The instructions in the fetch and decode stages (as well as the prefetch buffer) are flushed when executing a taken branch. The fetch pipeline stage is then reloaded with a new instruction from the calculated branch address. A taken branch in MicroBlaze V takes a minimum of three clock cycles to execute, two of which are required for refilling the pipeline. To reduce this latency overhead, MicroBlaze V supports the optional branch target cache (BTC).
To improve branch performance, the branch target cache is coupled with a branch prediction scheme. With the BTC enabled, a correctly predicted branch or jump instruction incurs no overhead.

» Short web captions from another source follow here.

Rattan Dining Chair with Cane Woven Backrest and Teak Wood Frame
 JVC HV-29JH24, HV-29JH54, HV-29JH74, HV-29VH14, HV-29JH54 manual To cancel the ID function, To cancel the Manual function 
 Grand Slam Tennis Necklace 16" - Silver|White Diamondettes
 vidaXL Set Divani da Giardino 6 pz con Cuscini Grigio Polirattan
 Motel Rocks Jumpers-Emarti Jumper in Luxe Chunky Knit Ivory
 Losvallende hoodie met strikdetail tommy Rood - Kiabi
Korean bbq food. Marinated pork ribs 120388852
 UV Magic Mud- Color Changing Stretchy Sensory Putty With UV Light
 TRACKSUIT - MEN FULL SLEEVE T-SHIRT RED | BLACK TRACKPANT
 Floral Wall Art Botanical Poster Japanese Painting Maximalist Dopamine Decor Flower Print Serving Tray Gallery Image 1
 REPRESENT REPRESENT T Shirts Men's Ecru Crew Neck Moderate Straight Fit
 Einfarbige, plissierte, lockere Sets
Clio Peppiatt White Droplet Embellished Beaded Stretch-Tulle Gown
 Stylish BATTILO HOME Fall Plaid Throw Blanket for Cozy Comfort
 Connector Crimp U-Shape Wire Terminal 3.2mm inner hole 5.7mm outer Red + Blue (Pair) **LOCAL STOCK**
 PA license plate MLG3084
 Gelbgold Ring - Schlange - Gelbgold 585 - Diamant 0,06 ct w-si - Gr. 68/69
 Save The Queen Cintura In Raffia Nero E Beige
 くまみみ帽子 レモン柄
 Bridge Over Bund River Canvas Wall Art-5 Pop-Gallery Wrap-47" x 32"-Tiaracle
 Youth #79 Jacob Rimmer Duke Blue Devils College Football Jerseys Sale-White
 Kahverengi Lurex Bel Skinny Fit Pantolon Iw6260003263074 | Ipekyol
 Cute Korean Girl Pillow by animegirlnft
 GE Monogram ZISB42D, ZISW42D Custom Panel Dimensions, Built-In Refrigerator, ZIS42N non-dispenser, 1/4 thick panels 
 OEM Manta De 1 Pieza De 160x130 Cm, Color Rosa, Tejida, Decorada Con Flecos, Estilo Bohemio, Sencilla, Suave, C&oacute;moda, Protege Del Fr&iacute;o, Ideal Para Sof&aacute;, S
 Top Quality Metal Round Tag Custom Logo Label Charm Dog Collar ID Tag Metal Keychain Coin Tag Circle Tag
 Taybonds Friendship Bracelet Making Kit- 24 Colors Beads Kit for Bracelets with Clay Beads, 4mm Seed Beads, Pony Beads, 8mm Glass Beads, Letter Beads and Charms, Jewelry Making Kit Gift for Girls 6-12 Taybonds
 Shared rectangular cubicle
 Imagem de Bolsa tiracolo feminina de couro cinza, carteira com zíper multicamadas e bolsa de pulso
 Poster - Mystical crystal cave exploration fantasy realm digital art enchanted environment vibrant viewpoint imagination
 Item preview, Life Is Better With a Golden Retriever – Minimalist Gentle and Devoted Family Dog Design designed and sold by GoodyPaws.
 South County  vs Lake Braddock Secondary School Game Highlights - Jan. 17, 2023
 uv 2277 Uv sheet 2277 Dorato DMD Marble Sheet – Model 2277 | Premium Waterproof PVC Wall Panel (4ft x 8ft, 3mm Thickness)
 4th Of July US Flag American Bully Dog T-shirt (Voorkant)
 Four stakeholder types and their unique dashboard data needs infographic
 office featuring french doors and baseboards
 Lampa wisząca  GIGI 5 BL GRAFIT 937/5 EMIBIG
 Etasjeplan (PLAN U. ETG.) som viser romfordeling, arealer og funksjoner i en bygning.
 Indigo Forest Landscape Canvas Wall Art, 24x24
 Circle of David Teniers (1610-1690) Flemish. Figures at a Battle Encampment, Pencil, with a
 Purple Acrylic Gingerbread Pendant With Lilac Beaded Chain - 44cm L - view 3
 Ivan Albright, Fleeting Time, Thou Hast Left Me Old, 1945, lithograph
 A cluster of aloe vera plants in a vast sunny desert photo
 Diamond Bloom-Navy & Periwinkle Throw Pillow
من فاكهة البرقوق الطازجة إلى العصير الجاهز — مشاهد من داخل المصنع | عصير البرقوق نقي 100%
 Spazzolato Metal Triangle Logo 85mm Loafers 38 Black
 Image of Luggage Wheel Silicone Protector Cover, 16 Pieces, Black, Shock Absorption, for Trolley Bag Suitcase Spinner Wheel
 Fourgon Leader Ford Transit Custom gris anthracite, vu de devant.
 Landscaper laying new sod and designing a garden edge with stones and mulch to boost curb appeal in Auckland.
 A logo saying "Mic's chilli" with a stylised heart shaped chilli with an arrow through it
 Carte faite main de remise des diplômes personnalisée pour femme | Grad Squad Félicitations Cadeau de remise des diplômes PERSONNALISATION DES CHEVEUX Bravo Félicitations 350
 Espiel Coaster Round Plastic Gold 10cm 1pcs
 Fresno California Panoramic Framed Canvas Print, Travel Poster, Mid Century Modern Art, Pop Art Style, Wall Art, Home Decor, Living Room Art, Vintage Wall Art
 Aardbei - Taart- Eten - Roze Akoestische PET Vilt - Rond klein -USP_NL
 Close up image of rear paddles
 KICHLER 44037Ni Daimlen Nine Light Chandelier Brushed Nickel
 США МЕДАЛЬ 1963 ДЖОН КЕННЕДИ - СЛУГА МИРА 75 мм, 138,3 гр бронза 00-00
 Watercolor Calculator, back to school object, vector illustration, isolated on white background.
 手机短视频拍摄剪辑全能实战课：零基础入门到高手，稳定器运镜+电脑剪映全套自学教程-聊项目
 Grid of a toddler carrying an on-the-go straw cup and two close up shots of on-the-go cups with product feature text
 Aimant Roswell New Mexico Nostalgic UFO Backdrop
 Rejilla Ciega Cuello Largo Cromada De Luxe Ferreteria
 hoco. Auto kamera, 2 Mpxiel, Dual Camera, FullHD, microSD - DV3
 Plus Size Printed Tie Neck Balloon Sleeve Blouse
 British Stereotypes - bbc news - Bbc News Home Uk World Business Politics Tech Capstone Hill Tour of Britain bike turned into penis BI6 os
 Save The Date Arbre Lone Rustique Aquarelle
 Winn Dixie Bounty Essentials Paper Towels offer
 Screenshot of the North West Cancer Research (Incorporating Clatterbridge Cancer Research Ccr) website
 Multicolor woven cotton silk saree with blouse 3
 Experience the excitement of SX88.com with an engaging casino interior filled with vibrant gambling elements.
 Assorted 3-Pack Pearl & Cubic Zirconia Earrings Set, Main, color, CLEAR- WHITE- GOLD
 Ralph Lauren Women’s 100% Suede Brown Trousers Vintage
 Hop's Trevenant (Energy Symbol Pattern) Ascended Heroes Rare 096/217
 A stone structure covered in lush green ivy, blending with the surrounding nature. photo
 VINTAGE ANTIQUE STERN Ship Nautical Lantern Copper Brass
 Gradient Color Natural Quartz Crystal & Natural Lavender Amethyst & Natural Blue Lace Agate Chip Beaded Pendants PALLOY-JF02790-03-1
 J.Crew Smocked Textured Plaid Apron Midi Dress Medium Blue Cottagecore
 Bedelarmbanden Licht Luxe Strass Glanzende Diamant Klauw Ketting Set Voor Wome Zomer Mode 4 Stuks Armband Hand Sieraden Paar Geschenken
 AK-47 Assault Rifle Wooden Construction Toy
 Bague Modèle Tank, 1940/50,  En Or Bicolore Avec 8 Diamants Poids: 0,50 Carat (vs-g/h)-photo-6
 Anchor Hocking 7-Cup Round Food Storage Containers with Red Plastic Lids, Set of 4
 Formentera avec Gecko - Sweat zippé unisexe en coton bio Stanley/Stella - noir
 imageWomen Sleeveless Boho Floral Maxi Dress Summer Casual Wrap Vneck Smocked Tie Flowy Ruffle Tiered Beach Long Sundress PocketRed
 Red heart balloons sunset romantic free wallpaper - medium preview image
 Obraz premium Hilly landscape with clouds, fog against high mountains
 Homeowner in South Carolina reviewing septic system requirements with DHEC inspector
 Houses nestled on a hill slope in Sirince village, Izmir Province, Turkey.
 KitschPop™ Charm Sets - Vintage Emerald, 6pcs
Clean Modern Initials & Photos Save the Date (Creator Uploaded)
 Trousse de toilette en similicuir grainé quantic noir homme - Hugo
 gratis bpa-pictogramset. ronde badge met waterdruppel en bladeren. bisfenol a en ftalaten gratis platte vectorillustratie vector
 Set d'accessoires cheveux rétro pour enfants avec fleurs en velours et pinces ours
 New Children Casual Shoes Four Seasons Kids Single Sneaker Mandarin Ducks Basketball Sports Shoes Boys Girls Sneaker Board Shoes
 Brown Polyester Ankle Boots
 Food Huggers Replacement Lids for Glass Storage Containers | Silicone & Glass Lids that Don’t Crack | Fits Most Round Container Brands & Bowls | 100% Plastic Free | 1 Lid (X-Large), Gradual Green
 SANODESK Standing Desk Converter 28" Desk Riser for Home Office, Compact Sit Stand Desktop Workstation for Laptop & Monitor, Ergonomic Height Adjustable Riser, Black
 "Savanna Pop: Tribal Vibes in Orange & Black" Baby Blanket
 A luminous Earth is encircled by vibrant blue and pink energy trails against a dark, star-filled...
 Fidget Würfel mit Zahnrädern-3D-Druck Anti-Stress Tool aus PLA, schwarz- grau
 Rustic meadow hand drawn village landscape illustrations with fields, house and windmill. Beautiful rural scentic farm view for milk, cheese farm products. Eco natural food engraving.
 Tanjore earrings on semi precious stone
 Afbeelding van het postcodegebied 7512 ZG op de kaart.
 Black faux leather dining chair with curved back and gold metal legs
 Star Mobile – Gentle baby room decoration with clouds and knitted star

The BTC operates by saving the target address of each immediate branch and return instruction the first time the instruction is encountered. The next time it is encountered, it is usually found in the branch target cache, and the instruction fetch program counter is then changed to the saved target address, in case the branch should be taken. Jump instructions are always taken, whereas branches use branch prediction, to avoid taking a branch that should not have been taken and vice versa.
The BTC is cleared when a fence.i instruction
is executed.
Branch prediction can cause a mispredict in the following cases:
- A branch that should not have been taken is taken.
- A branch that should have been taken is not taken.
- The target address of a return instruction is incorrect in the BTC, which might occur when returning from a function called from different places in the code.
All of these cases are detected and corrected when the branch or return instruction reaches the execute stage, and the branch prediction bits or target address are updated in the BTC, to reflect the actual instruction behavior. This correction incurs a penalty of two clock cycles for the 3-stage, 4-stage, and 5-stage pipeline and 7–9 clock cycles for the 8-stage pipeline due to the pipelined instruction fetch.
The size of the BTC can be selected with C_BRANCH_TARGET_CACHE_SIZE. The default recommended setting uses two block
RAMs and provides 1024 entries. When selecting 64 entries or below, distributed RAM is
used to implement the BTC, otherwise block RAM is used.
When the BTC uses block RAM, and C_FAULT_TOLERANT is set to 1, block RAMs are protected by parity. In case
of a parity error, the branch is not predicted. To prevent accumulating errors in this
case, the BTC should be cleared periodically by a fence.i instruction.